Performance comparée entre Nvidia et Intel (base 100 au 31/05/2019)
Source : Bloomberg, au 30/05/2024
Dans le cadre d’une gestion active, le gérant permet de limiter l’incidence de certains biais et d’avoir une analyse plus fine, notamment sur les thèmes environnementaux, sociaux et de gouvernance d’entreprise
Les humains agissent selon des comportements relativement rationnels qui peuvent être affectés par leurs
instincts et émotions. Daniel Kanheman, prix Nobel d’économie en 2002, est le père du courant de pensée de la
finance comportementale. Son livre Système 1 / Système 2 : les deux vitesses de la pensée
a eu un impact très important dans la compréhension et l’intégration des biais comportementaux dans les théories
économiques. Parmi ces comportements, nous pouvons citer le biais de sur-confiance (les opérateurs ont la conviction
qu’ils ont des informations privilégiées que les autres agents n’ont pas), le biais d’ancrage (espérer un point bas
/ haut du titre avant de réaliser une opération) ou l’effet moutonnier (répliquer les décisions d’investissement les
plus répandues sur le marché). Lorsque des investissements sont réalisés en gestion passive, alors les biais comportementaux
ne peuvent être contrôlés et l’investisseur s’expose à une logique de flux qui peut être néfaste à ses placements.
Les professionnels de l’investissement connaissent bien ces biais ; ils sont en mesure de les contrôler et d’en tirer profit via leurs décisions de gestion.

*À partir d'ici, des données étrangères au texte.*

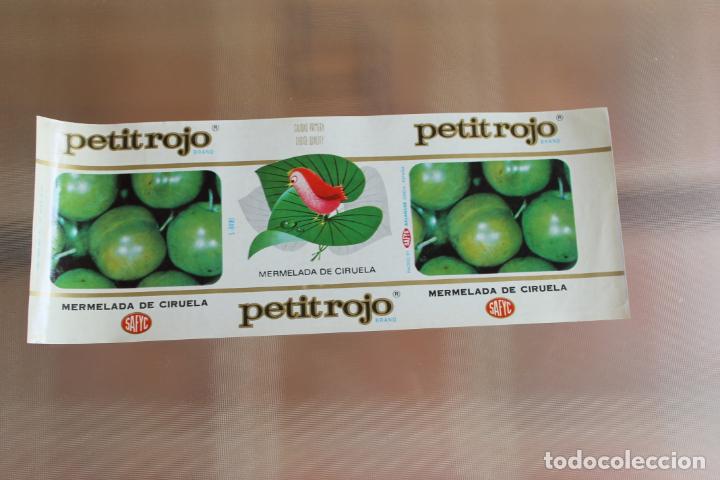 Etiquetas antiguas: ETIQUETA PETIT ROJO MERMELADA DE CIRUELA BALAGUER LERIDA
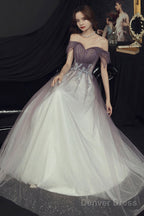 Purple Tulle Long A-Line Prom Dress, Off The Shoulder Evening Graduation Dress
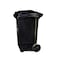 Geoplast HDPE Plastic Dustbin with Metal Pedal - 120 Liters, Black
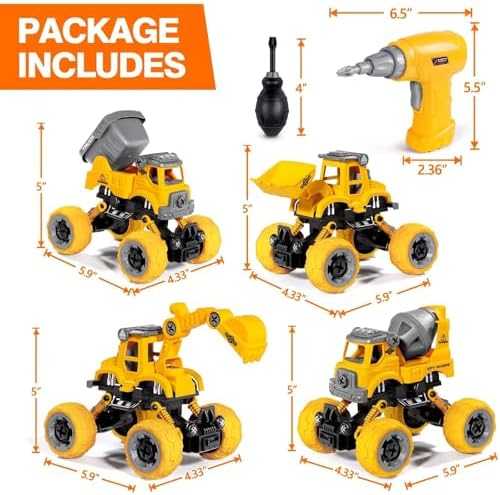 LUDILO Take-Apart Construction Trucks Set with Electric Drill (4 pcs)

De plus, les investissements ESG prennent de plus en plus de place dans les réflexions d’investissement ; le
stock-picking permet ainsi d’orienter les flux vers les sociétés qui répondent aux critères extra-financiers
sélectionnés, ce qui à terme et en fonction des investissements considérés est susceptible d’avoir un impact sur les orientations et
décisions prises par les groupes concernés. Certes, il est aujourd’hui possible d’investir dans des ETFs qui regroupent un
ensemble de valeurs avec de « bonnes notes » ESG : BlackRock propose, par exemple, son ETF Developed World ESG,
qui regroupe une centaine de sociétés de différents pays développés avec des notes ESG jugées correctes. Cette
approche quantitative de l’ESG pour la gestion passive s’appuie sur un système de notes attribuées par des
agences de notation externes, mais ne permet pas d’aller suffisamment en profondeur : à fin mai 2024, l’ETF
cité précédemment contenait, par exemple, des parts de la société américaine Meta Platforms, la société mère de
Facebook et d’Instagram qui est au cœur de nombreuses polémiques ESG (fuite de données utilisateur sensibles, pratiques
anticoncurrentielles, problème d’addiction aux réseau sociaux, etc.)
L’analyse ESG au cas par cas, de manière dynamique, n’est possible qu’en gestion active
Source : Banque Transatlantique
La gestion passive a ainsi indéniablement des atouts : elle est facile d’accès pour les petits épargnants et est a priori peu coûteuse. Elle ne permet néanmoins pas de jouer le rôle de garant de l’équilibre des marchés financiers en revalorisant/dévalorisant des titres qui le méritent ; elle ne permet pas non plus d’éviter les biais de comportement. Par ailleurs, comme un ETF investit sur l’ensemble d’un indice, il n’immunise pas l’investisseur contre l’exposition aux pires performances et l’empêchera de facto de surperformer son indice de comparaison. Enfin, à ce stade, seule la gestion active semble calibrée pour appréhender de manière granulaire les caractéristiques environnementales, sociales et de gouvernance d’une société.
Achevé de rédiger le 12/07/2024 par Anthony Durupt, gérant de portefeuilles.